At Awarezen, we approach contemplative practice creatively but seek to remain faithful to tradition. We recognize that there is much truth and efficacy in the treasures of tradition, treasures not to be treated in a cavalier fashion. As such, we receive tradition in the light of reflexive wisdom that learns from the past and gazes towards the future, imbued with practical wisdom for the emerging present.


Hence, we make good use of three mantras to illuminate and guide our contemplative practice. These mantras come from the Thai Forest and Chinese Chan traditions:


  • Mantra 1: "It is like this."

  • Mantra 2: "Stay with this as just this."

  • Mantra 3: "Stay with that as just that."
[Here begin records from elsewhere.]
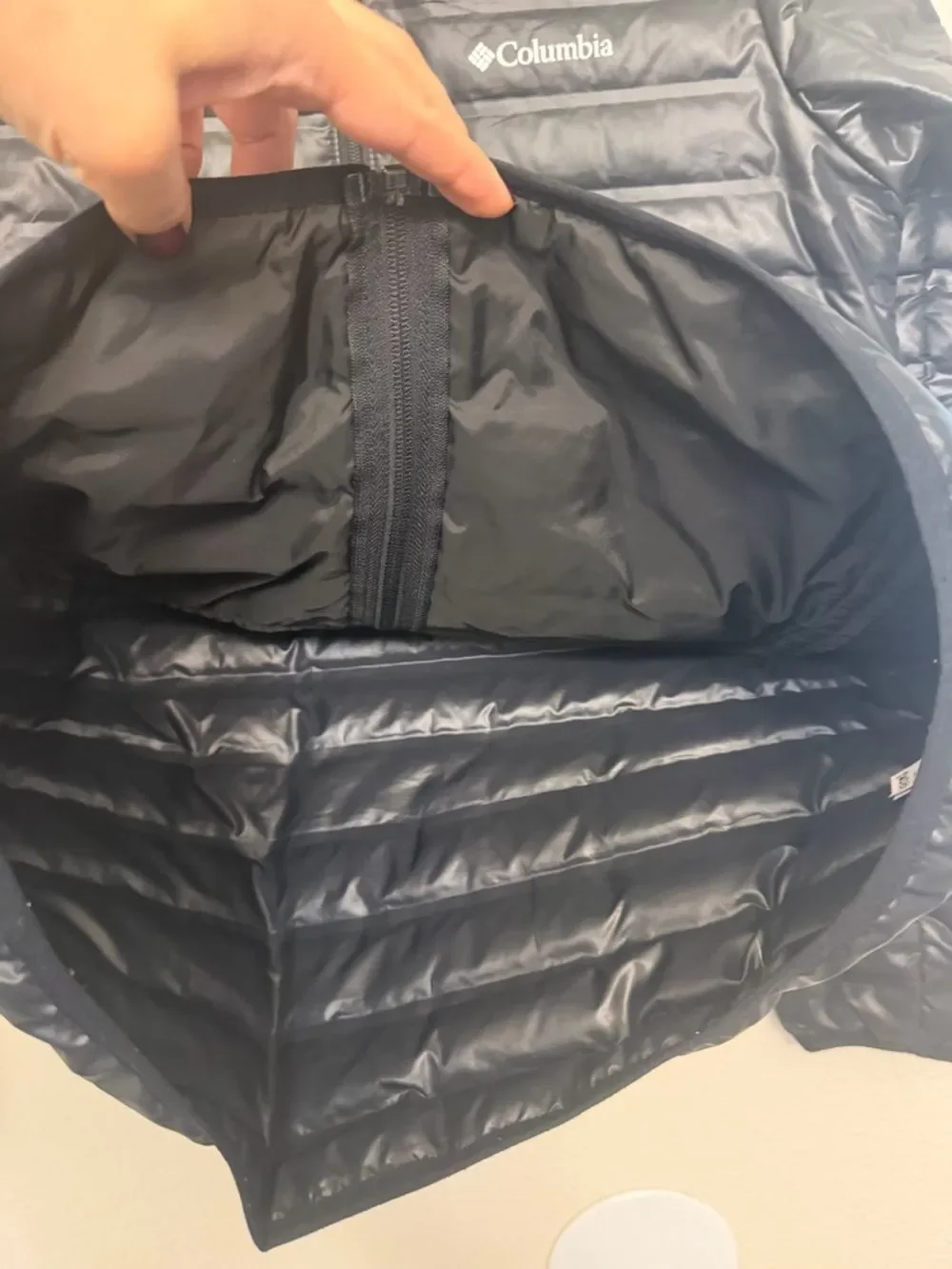 Columbia black hooded
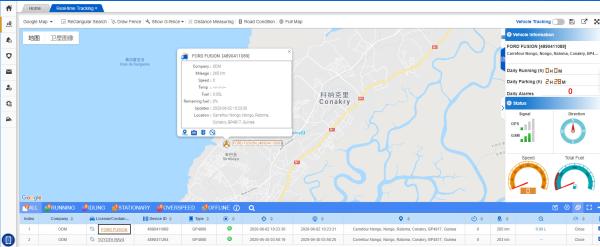 China Intelligent Fleet GPS Vehicle Tracking System Software For Android Technology factory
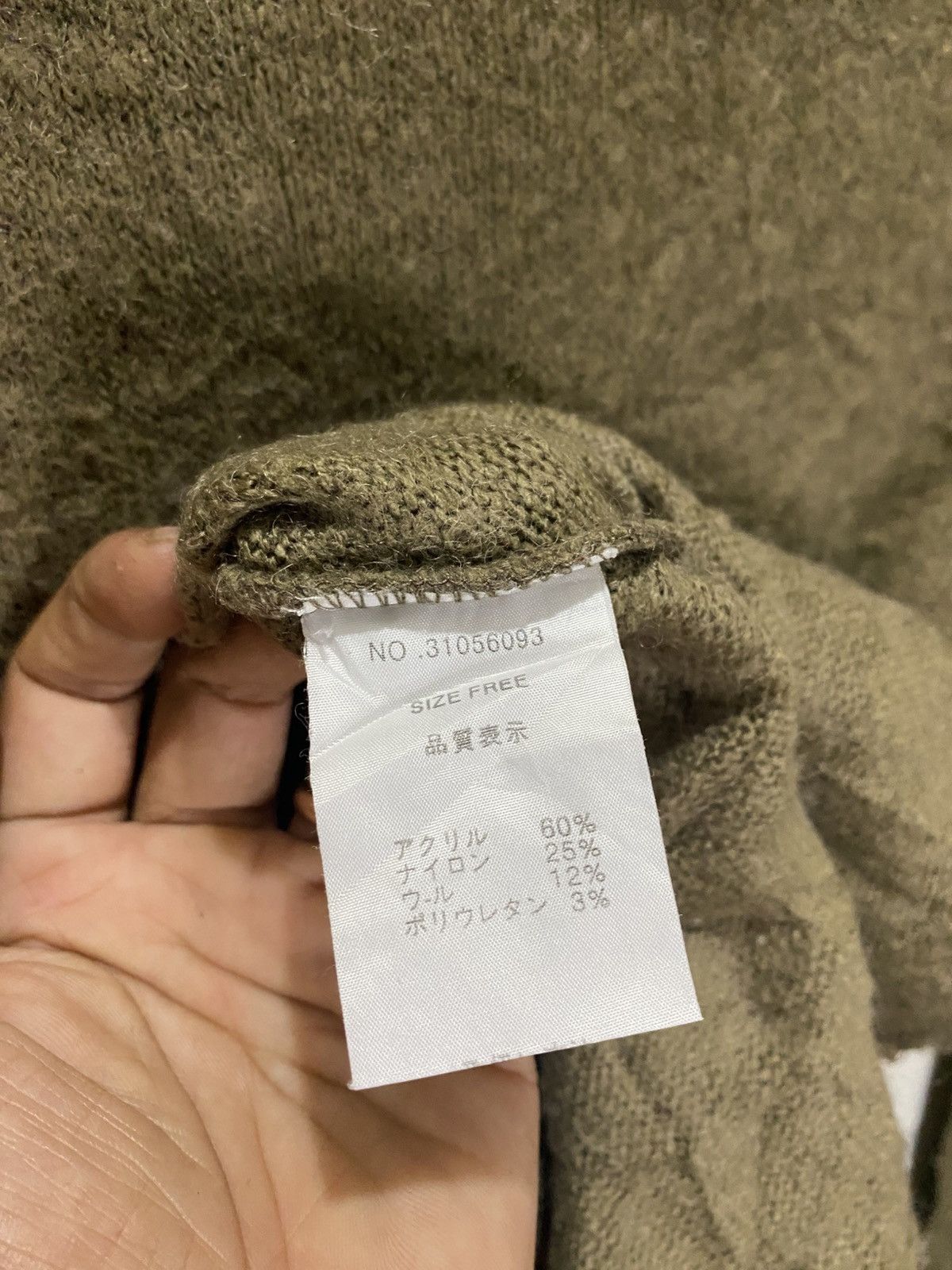 Japanese Brand GOA Japanese Style Knitwear Size ONE SIZE - 8 Thumbnail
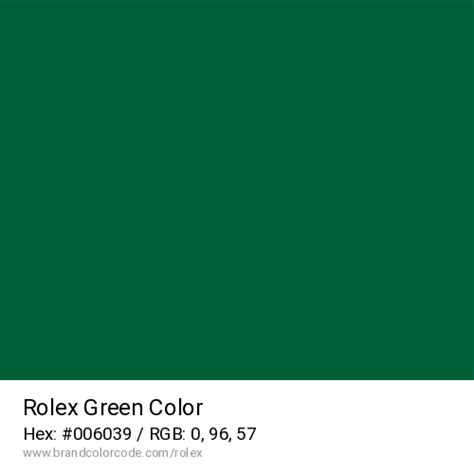 rolex green colour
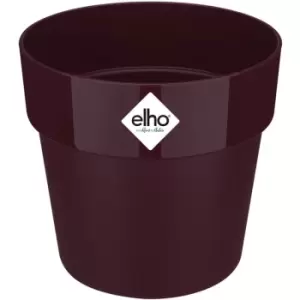 image of Elho - Plant Pot Flower Pot Recycled Recyclable Plastic Mint Peach Mulberry Round Frost-Resistant Size Choice Colour Choice maulbeere/2 Liter (de)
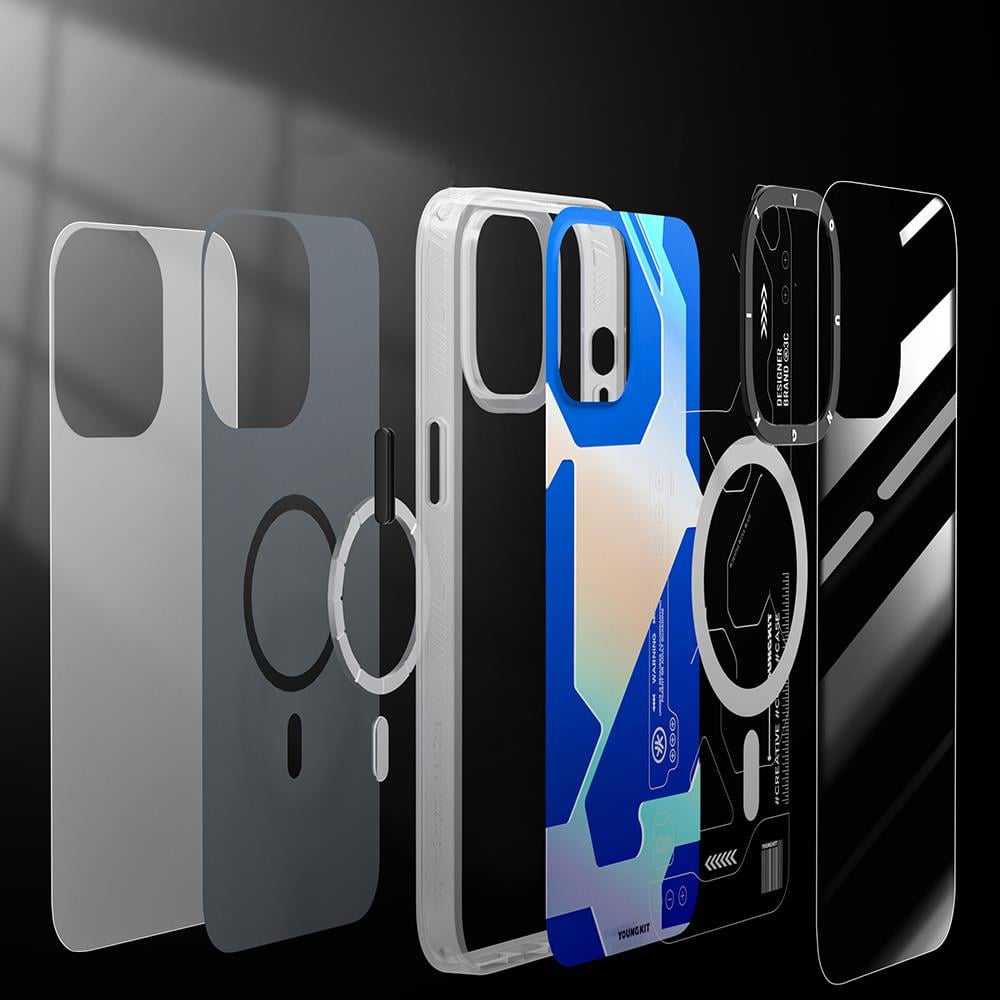 Apple iPhone 13 Pro Max Kılıf M-safe Şarj Özellikli YoungKit Metaverse Serisi Kapak
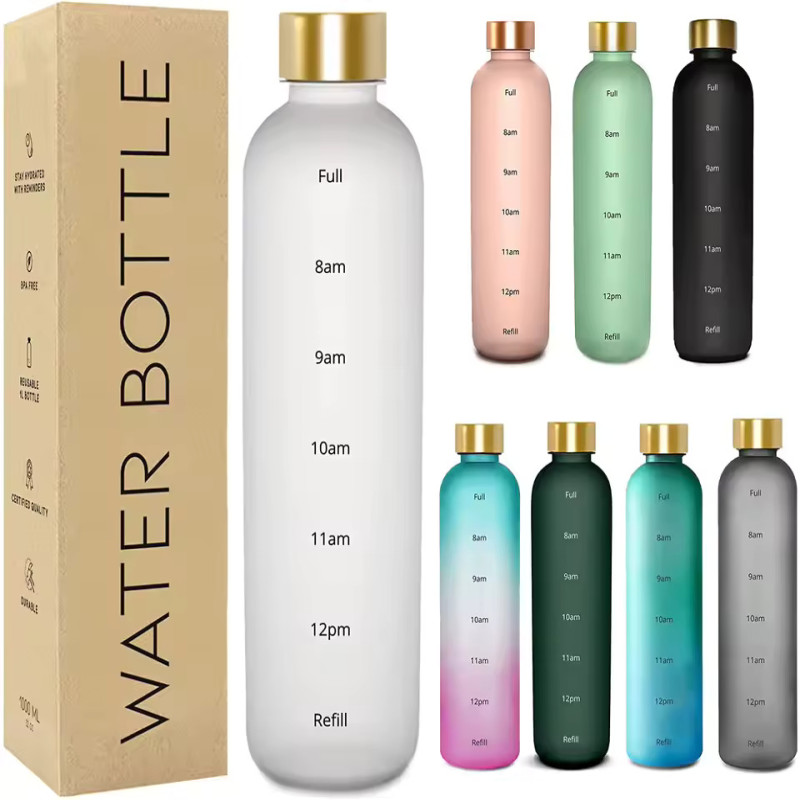 Stay Hydrated on-the-Go with Stankey Arc Bottle - Time Marker Water Bottle for Motivation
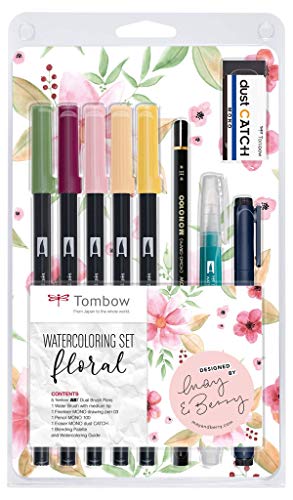 Tombow WCS-FL - Set de acuarela floral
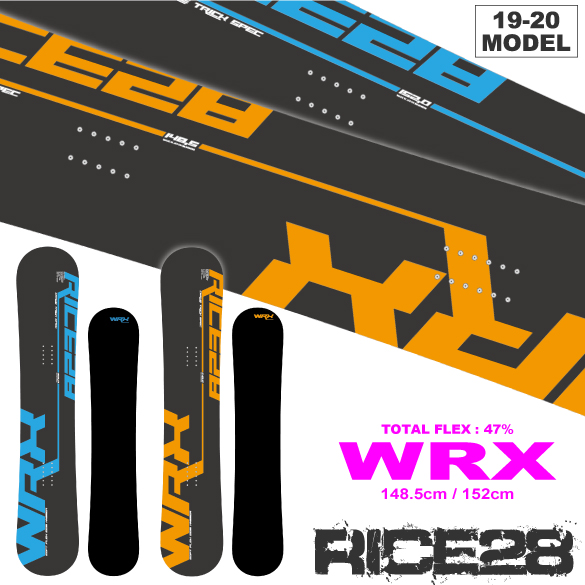 19-20 RICE28(ﾗｲｽﾄｩｴﾝﾃｨｰｴｲﾄ) / WRX・スノーボード [148.5cm,152cm 
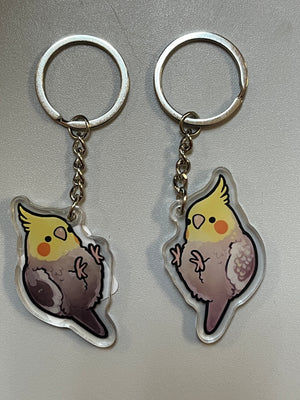 Normal Cockatiel Keychain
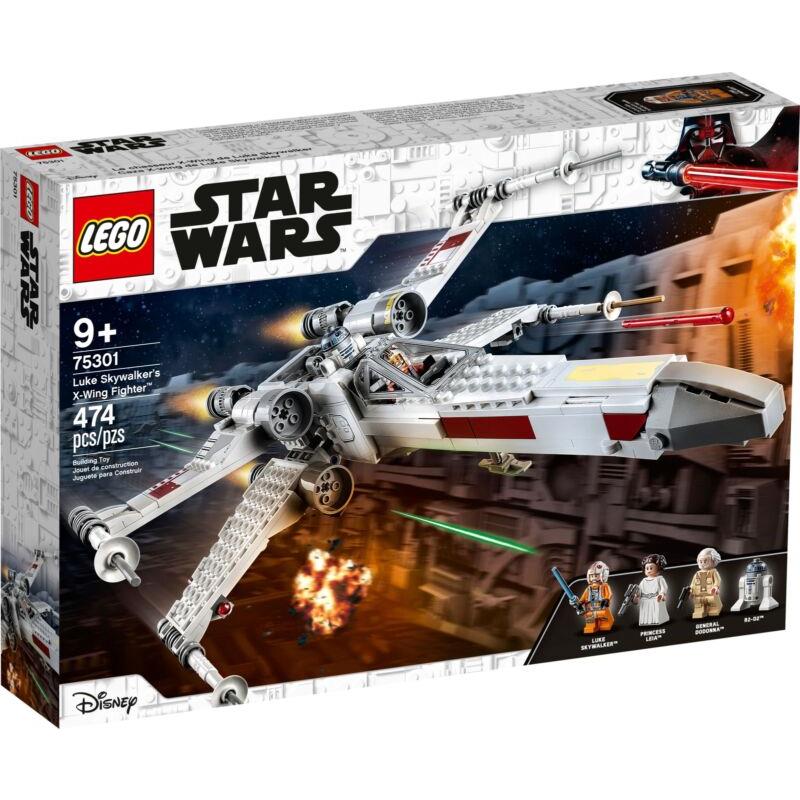 Lego Star Wars Luke Skywalker`s X-wing Fighter 75301 Building Toy Set Gift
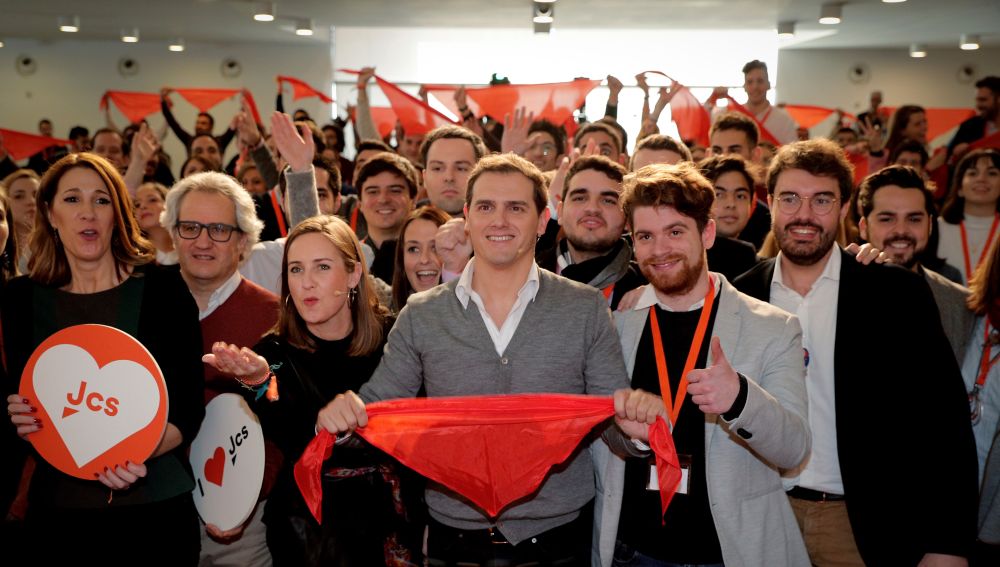 Albert Rivera, presidente de Ciudadanos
These mantras guide our contemplative practices, fostering a deep connection to both tradition and contemporary understanding. The first mantra follows the instructions of Ajahn Sumedho of the Thai Forest tradition of the venerable Luangpor Chah (1918-92). The second and third mantras are derived from a 12th century Chinese Chan master Hongzhi Zhengjue (1091-1157). the renowned pioneer of silent illumination in the Chan tradition.



Understanding Mantras

Mantras are tools that help liberate the mind from distractions, afflictions, or vexations. At a deeper level, they can even address the roots of these vexations. Vexations are defiling and disturbing tendencies of the mind that upset the mind's natural equilibrium and sense of wellbeing. When present, they incite turmoil in the mind thus underpinning the ubiquitous suffering we all experience. The three main classes of vexations are craving, aversion, and delusion. We can see these vexations as distorted operational modes of the mind that conduce to suffering. Of the three, delusion is the root vexation that accompanies and drives craving and aversion. Delusion is the darkness of mind that misapprehends how things truly exist. It is closely linked to a trance-like mode of mind, where nothing seems clear and we function like zombies on automatic pilot. Like mindless zombies, we react to events in experience without wisdom and erroneously.


Mantras help us deal with and go beyond vexations. They can be powerful means of directing the mind to pierce through the fog of delusion and undercut craving and aversion. It is important to note that mantras are not magical formulae; rather, they serve as pedagogical aids for purifying and freeing the mind. For mantra practice to be effective and enjoyable, one needs to employ them skillfully with clear wisdom and sensitivity. I will outline three methods of mantra practice that can help towards that aim.


When used effectively, mantras can:

  • Direct the contemplative's attention to the naked reality of each emerging present moment.

  • Assist in navigating inner mental activity.

  • Help work wisely with outer environmental disturbances.


Benefits of Using Mantras

By employing mantras in a clear and insightful way, contemplatives can:

  • Meet challenges with clarity.

  • See situations without the interference of distractions.

  • Enhance their ability to focus on the present moment.

  • Deepen their insight into how things really are.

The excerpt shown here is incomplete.